# Superstring

## Table of Contents

Author |
B. Cazaux & E. Rivals (rivals@lirmm.fr) |

Date |
2018-04-10 |

**Abstract**: This document covers some knowledge and research results about the algorithmic notion of *superstring*.

## 1 Introduction to superstring

Strings (also called words), which are sequence of symbols, arise in many applications. Superstrings result from merging strings that overlap.

Figure 1: Superstring of three words

In this example, \(w\) is a superstring of the three words \(s_1\), \(s_2\), and \(s_3\).
As seen in the above example: \(s_3\) *overlaps* \(s_1\) by 2 symbols. This overlap is "used" to merge \(s_1\), and \(s_3\).

### 1.1 The archetypical question: *Shortest Linear Superstring*.

A well-studied question in algorithms (in computer science) is called *Shortest Linear Superstring*.

You are given a set of words, say \(P\). We denote the words of \(P\) by \(s_1, \ldots, s_n\).
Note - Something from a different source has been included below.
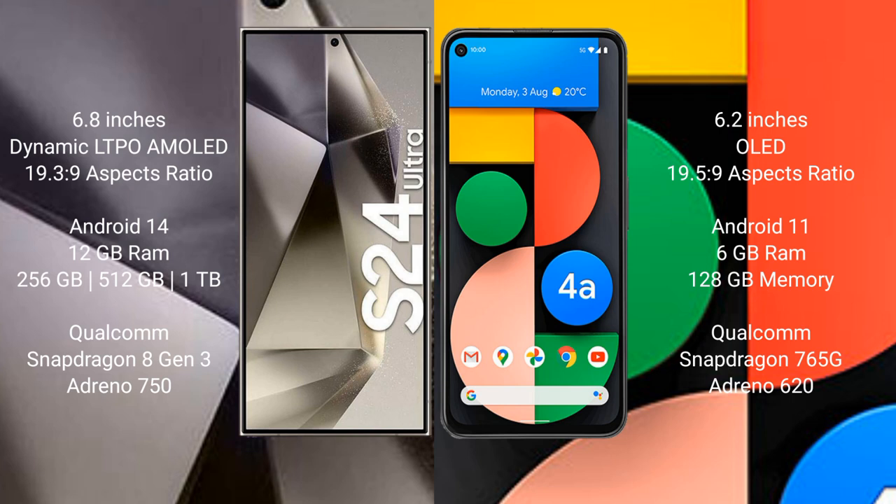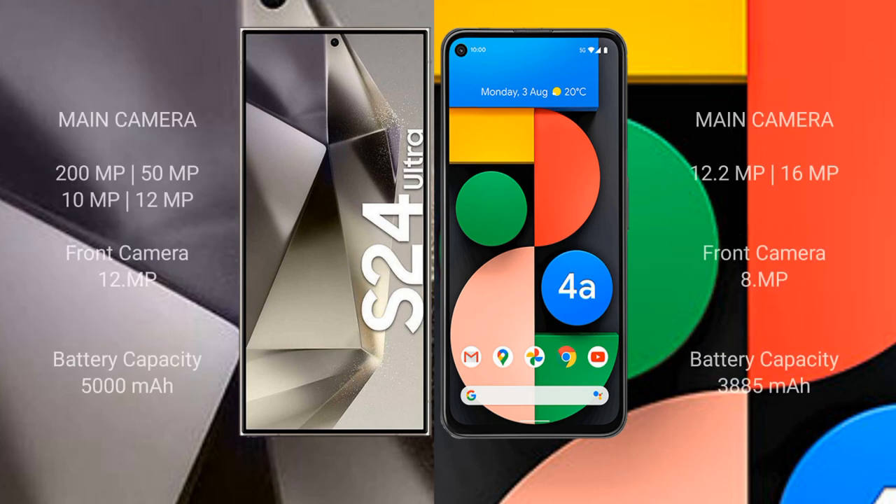The Samsung Galaxy S24 Ultra features a Qualcomm Snapdragon 8 Gen 3 processor with Adreno 750 GPU. The Google Pixel 4a comes with 6GB RAM and 128GB internal storage, with a Qualcomm Snapdragon 730G processor and Adreno 618 GPU.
In other words, the input is \(P := \{s_1, \ldots, s_n\}\) a set of words. The sum of their length is denoted by \(\vert \vert P \vert \vert := \sum_1^n\left| s_i \right|\) and called the norm of \(P\).

The question is: find a string \(w\) that is a superstring of all words of \(P\) and is a short as possible.

In a sense, this question is difficult to solve.

### 1.2 The Overlap Graph (OG)

One way to solve it is to build a directed graph called the *Overlap Graph* for \(P\). In this graph, each input word is represented by a node. An arc from a node \(x\) to a node \(y\) is weighted by the length of the longest overlap from word \(x\) onto word \(y\).
Once the OG is built, it suffices to search a special kind of path in this graph. The desired type of path is known as a *Maximum Weighted Hamiltonian Path*. It must visit all nodes once and only once, and moreover, the sum of the weights of the arcs it traverses must be maximal.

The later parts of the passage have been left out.